Ilegalidad, amigas y ausentes: la crónica de un aborto
Este testimonio es de una de nuestras lectoras que nos pidió resguardar su identidad por ser un tema delicado. Decidimos publicarlo para dar cuenta de una realidad que viven muchas mujeres en nuestro país.

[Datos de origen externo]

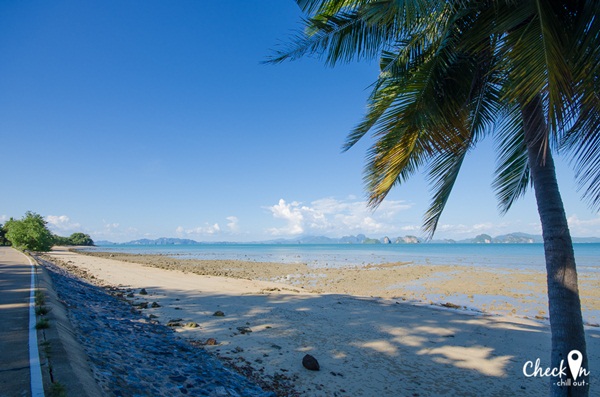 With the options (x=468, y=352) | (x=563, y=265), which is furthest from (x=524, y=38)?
(x=468, y=352)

“Recuperar la conciencia es una experiencia simple e inmensa al mismo tiempo. Recuerdo escuchar a una de las enfermeras decir ‘estamos listas’ y poner una de sus manos en mi hombro. Con ese estímulo comencé a abrir mis ojos y alcancé apenas a divisar su rostro. Mis ojos se inundaron en un instante y comencé a llorar como no lo había hecho desde que supe que estaba embarazada. ‘Estamos listas’ significaba que mi útero estaba ya vacío, y no sabría explicar porqué este conocimiento me produjo una tristeza tan aplastante. Me salían lágrimas a borbotones y sollocé indisimuladamente. Por supuesto, la enfermera me preguntó si me dolía algo y entre mi tormenta pude hacerle ver que no, que no me dolía nada en el cuerpo, sino en el alma. Ella asintió y afirmó en voz alta ‘es penita’ y mientras arrastraban mi camilla por los pasillos y yo veía pasar las luces a través de mis ojos acuosos, ella me acarició la cabeza hasta llegar a mi habitación. Dejé de llorar en cuanto cruzamos esa puerta, pues sabía que allí esperaba mi madre y tenía que verme fuerte. Todavía tenía lágrimas en el rostro, pero ya estaba firme de nuevo. Seguía sintiendo el efecto de la anestesia, pero ya notaba que habían desaparecido todos los síntomas desagradables del embarazo y el aborto retenido. Ya no sentía náuseas, ya no me dolía el abdomen bajo, ya no estaba incómoda ni inflada, como había estado por tantas semanas. Además de una profunda tristeza y el fin de los síntomas, sentía un alivio enorme de saber que la persona que ‘me embarazó' podía volver a ser un completo desconocido. Al aspirar mi útero me habían liberado de su mala sombra.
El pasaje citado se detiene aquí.